Klaus Wildenhahn

Impressed by the direct cinema of Albert Maysles, Richard Leacock, and D. A. Pennebaker, Klaus Wildenhahn (1930–2018) translated their methods to the West German context. Starting in the early 1960s and spanning several decades, Wildenhahn was employed by the public broadcasting channel Norddeutscher Rundfunk (NDR), where he worked both as a documentary filmmaker and commissioning editor. In the Summer of 1968, he spent time in New York filming Harlem Theater, portraying Robert Macbeth and his New Lafayette Theater group, contextualizing it in Harlem and the Black community (including a speech by Bobby Seale) after the assassination of Martin Luther King Jr.
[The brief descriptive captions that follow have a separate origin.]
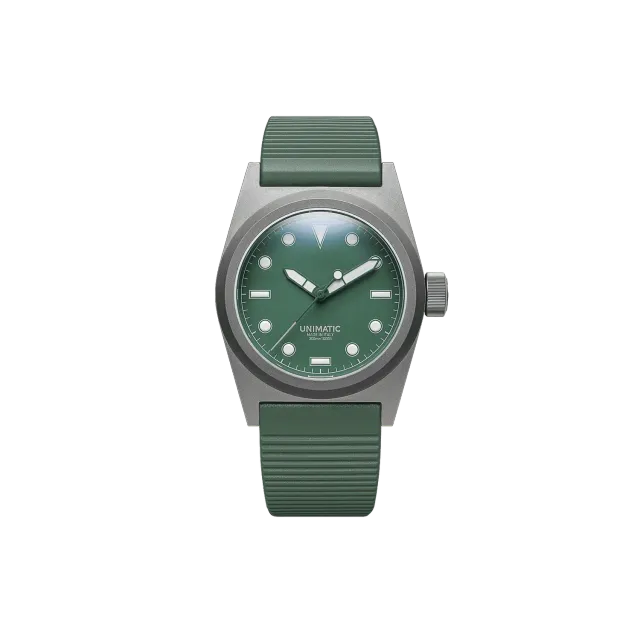 Unimatic Modello Due U2S-T-L horloge titanium groen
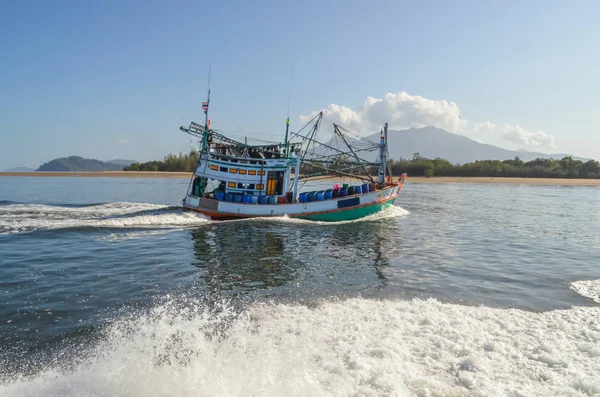 Barco Pesca Tailandés Phangnga Bay Tailandia — Foto de Stock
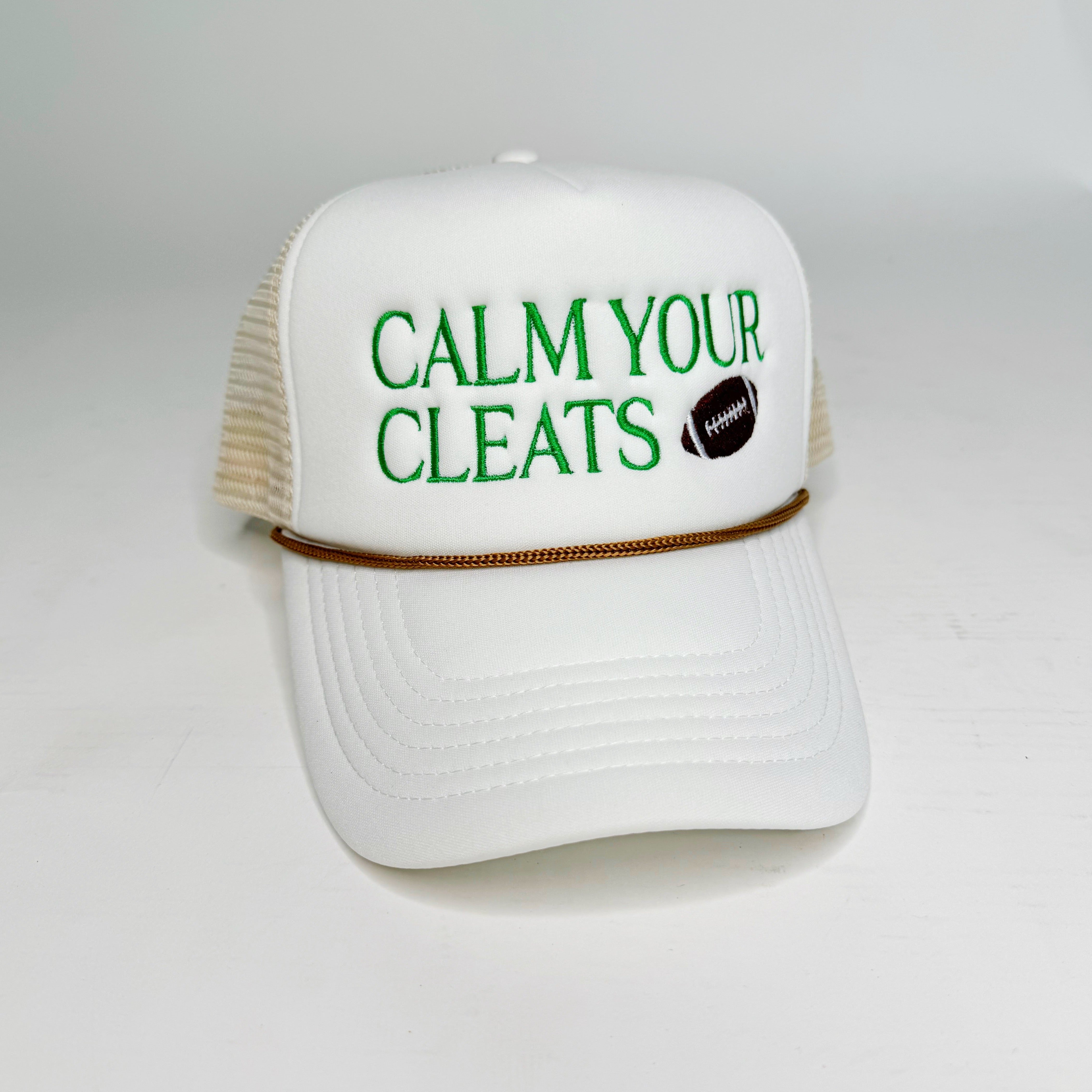 Calm Your Cleats Football P&P Trucker Hat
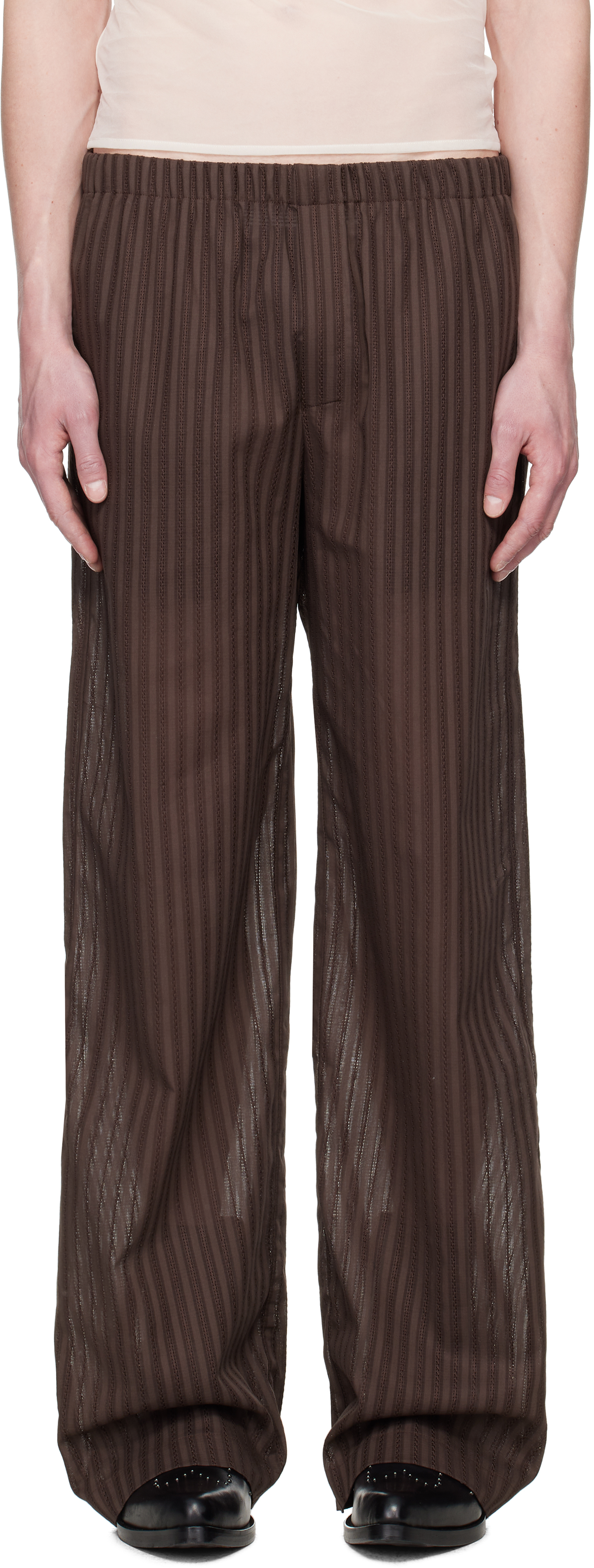Ludovic De Saint Sernin Brown Boxer Trousers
In October 1968, Wildenhahn became a lecturer at the Deutsche Film- und Fernsehakademie Berlin (DFFB), where he was an important protagonist providing stability after the crisis of the film school in late 1968. He also organized the “Wochenschau” (Newsreel) group modeled after Dziga Vertov’s revolutionary news programs. It is most likely in this context, documented in the collective film Wochenschau 2 (1969), that Wildenhahn and Skip Norman—who directed his thesis film, Strange Fruit, in 1969—met. A material trace of their acquaintance is Norman’s post-DFFB film On Africa (1970), where Wildenhahn participated as one of the voice-over narrators. A print of Harlem Theater was found in 2018 and the film had its US premiere, first at UnionDocs (UNDO) in Brooklyn, then (in December 2018) at the Maysles Documentary Center.